We focus on handling download requests of files with total storage footprint that exceeds the memory of the server. Most of our experiments use files of size 512MB. Our results also apply when files fit in server memory but the aggregate footprint exceeds server memory. Due to reported correlations between the transferred file size and the client link capacity [31], and to reduce experimentation time, we conservatively consider clients with broadband transfer rates. For each different client link capacity that we support, we dedicate a separate client node and configure its connection speeds to the server through Dummynet.
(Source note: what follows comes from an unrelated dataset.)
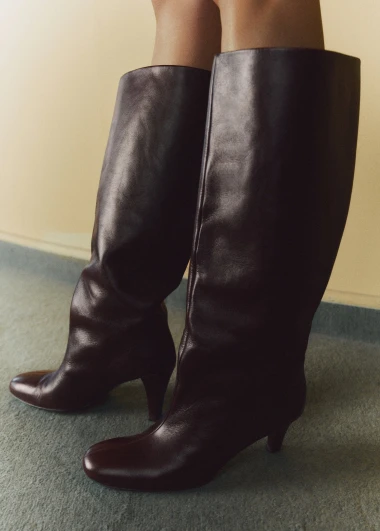 16 savršenih - visoke čizme koje podižu svaki outfit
$\epsfig{file=cfi/net-bwd-10T.eps, width=1.5in}$ (a)	$\epsfig{file=cfi/net-bwd-T3.eps, width=1.5in}$ (b)
$\epsfig{file=cfi/net-bwd-Mx.eps, width=1.5in}$ (c)	$\epsfig{file=cfi/disk-bwd-T1.eps,width=1.5in}$ (d)
Figure 8: We compare the network throughput of the unmodified (sequential) and Circus (out-of-order) download server implementations at increasing system loads using 512MB file requests. We consider the client link capacity to be equal to (a) 1.5Mbit/s, (b) 10Mbit/s, (c) 44.7Mbit/s, and (d) a mix of 20% 1.5Mbit/s, 60% 10Mbit/s and 20% 44.7Mbit/s. The out-of-order approach more than doubles the network throughput at higher loads. The higher the network throughput, the better the system throughput as well.

$\epsfig{file=cfi/disk-bwd-10T.eps, width=1.5in}$ (a)	$\epsfig{file=cfi/disk-bwd-T3.eps, width=1.5in}$ (b)
$\epsfig{file=cfi/disk-bwd-Mx.eps, width=1.5in}$ (c)	$\epsfig{file=cfi/disk-bwd-Mx.eps, width=1.5in}$ (d)
Figure 9: At low and moderate loads, the disk throughput with out-of-order transfers remains roughly equal to the transfer rate of the most demanding individual client across different client link rates (a-d). With sequential transfers, the disk is highly utilized and becomes a bottleneck as shown in Figure 8 (lower disk throughput is better for a given network throughput).

From recent studies in peer-to-peer network systems it has been found that 20-30% of the users have downstream network links less than 1Mbit/s, about 80-90% have downstream links less than 10Mbit/s, and the remaining 10-20% have links that exceed 10Mbit/s [28]. In accordance with the above results and the fact that broadband user population tends to increase over time, we specified three groups of clients with 1.544 Mbit/s (T1), 10 Mbit/s (we call it 10T), and 44.736 Mbit/s (T3). We experiment with each of these groups separately, and also with a mixed workload (Mx) where 20% of the users are of type T1, 60% are of type 10T, and the remaining 20% are type T3. In several cases, we focus on 50%-50% mixes of two client groups. We allow each experiment to run for between $\frac{1}{2}$ hour and $1\frac{1}{2}$ hour, depending on the network link capacity of the clients. Measurements start after one or more initial download requests complete. Each experiment is repeated until the half-length of the 95% confidence interval of the measured network throughput lies within 5% of the estimated mean value across different trials.